By Malcolm Muggeridge. Published Feb 1934 by Eyre & Spottiswoode, London. Selections © Rae West 2000.

[1]
PREFACE
Pp 19-20: The vast army of sympathetic critics of the Soviet regime have done more to enhance its prestige than all its paid agitators and subsidised publications put together. By being sympathetic they have accepted its premises; and once the premises are accepted, criticism becomes irrelevant. As a Jew in the Soviet Foreign Office said to me once, with a wink, "Those that are not against us are for us." I quite agreed. It is no more possible to describe the Dictatorship of the Proletariat dispassionately than to describe a mad bull rushing round a field dispassionately. The moment you become dispassionate you automatically make the false assumption that the bull is not mad, and thereby vitiate anything further you may have to say about the matter. Of all the accounts of the Soviet regime that have been written and spoken, the falsest—the ones least related to the facts—are by people who affect to have no prejudices or convictions either way.
      ...
      It was as though the Salvation Army had turned out with band and banners in honour of some ferocious tribal deity, or as though the organ of a vegetarian society had issued a passionate plea for cannibalism.
      In the classified list of stupidities and brutalities which I did not make, and which is not worth making (stupidities and brutalities, being universal, are neither here nor there), is one item which I have always promised myself the pleasure of stressing if ever I had the occasion. I refer to the position of foreign journalists in Russia, and to the manner in which news about Russia reaches outside. There is a stiff censorship, of course; but it is not generally known that foreign journalists in Moscow work under the perpetual threat of losing their visas, and therefore their jobs. Unless they consent (which most of them do) to limit their news to what they know will not be displeasing to the Dictatorship of the Proletariat, they are subjected to continuous persecution, varying from tiresome reproaches from petty Jewish Foreign Office officials to the imprisonment and exiling of any friends or relatives they may have who are unfortunate enough to be Soviet citizens. The result is that news from Russia is a joke, ....
[2]
Pp. 22-23: "Her book, Sex and the Soviets, made a great sensation in the States."
      Beatrice was a veteran in the revolutionary struggle. It appeared that Trotsky had once made advances to her in a taxi. He had, she often recounted, rested his historic hand on her knee; and she, perhaps mistakenly, had withdrawn the knee from his grasp. Besides this, she had stood shoulder to shoulder with the toiling masses of Russia for no less than ten years in their struggle to create a classless, socialist society.
      "How do you like being back?" she shouted gaily to Claude Mosser, a Jew with a soft, romantic face; somehow a little hard, even shifty, underneath its softness.
      "Marvellous," he answered. "How stimulating everything is! How exciting! Admit the faults; but the life, the movement, the exhilaration of it all! A new society going through its birth pangs. A new civilisation."
      Beatrice nodded. This kind of thing was her speciality. She hoped Mosser was not going to encroach on her territory.
      "I suppose you'll be visiting the old village and the old folks again?" she said, her voice solemn, religious.

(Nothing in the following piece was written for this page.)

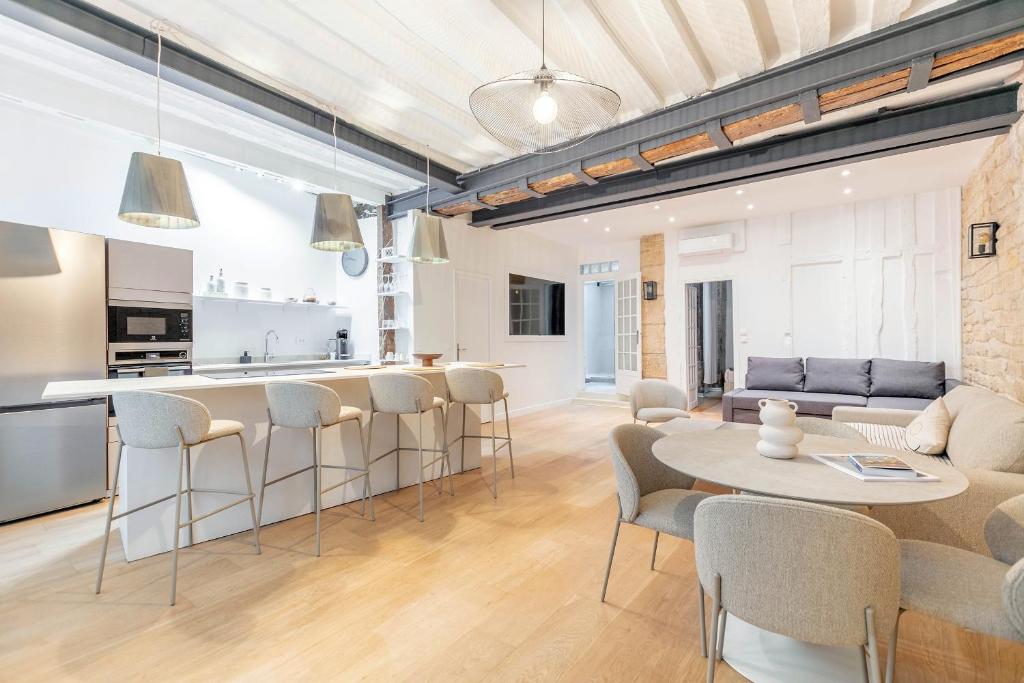 une cuisine et un salon avec une table et des chaises dans l'établissement La Suite de Montorgueil, à Paris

      Mosser had already written three books about revisiting the old village and the old folks. It was just like Beatrice, he thought, to imagine that a theme was never exhausted. The books had been excellent sellers, certainly; but there was no point in flogging a good horse to death. Besides, ever since it had been suggested, unkindly and quite groundlessly, that the Treaty of Versailles had put his birthplace in Poland he had been touchy about the old village and the old folks.
[3]
Pp. 30-31: It was Jefferson, a journalist, rapping out his opinions; his face shiny and his eyes alcoholic; two massive, tremulous chins.
      "It's always been my viewpoint," Claude Mosser answered, "that the Cossacks deserved to suffer. Look what they did before to the Jews."
      He was not going to let this business about the old folks being Poles prevent him from having opinions on the peasant question generally.
      The clatter of Jack Wilson's heavy Russian boots broke into their conversation.
      "This sort of show makes me sick," he was saying to Fay, a heavily built American Jewess on the staff of the Moscow Tribune. "Jesus Christ, what is it? Shop-window dressing. Give me Magnetogorsk. Twenty-four hours' work a day, and more. Peasant boys who couldn't read or write five years ago handling complicated machines. That's the real thing. Jesus Christ, yes."
      Fay looked up at him respectfully through horn-rimmed spectacles; a blond giant; very sure of himself; very pleased with himself. Genuine proletarian, she thought; the real stuff; better even than Boris who lived with, and on, her.
      "Oh! Mr. Wilson," she said, "I wish you'd take me to Magnetogorsk one day."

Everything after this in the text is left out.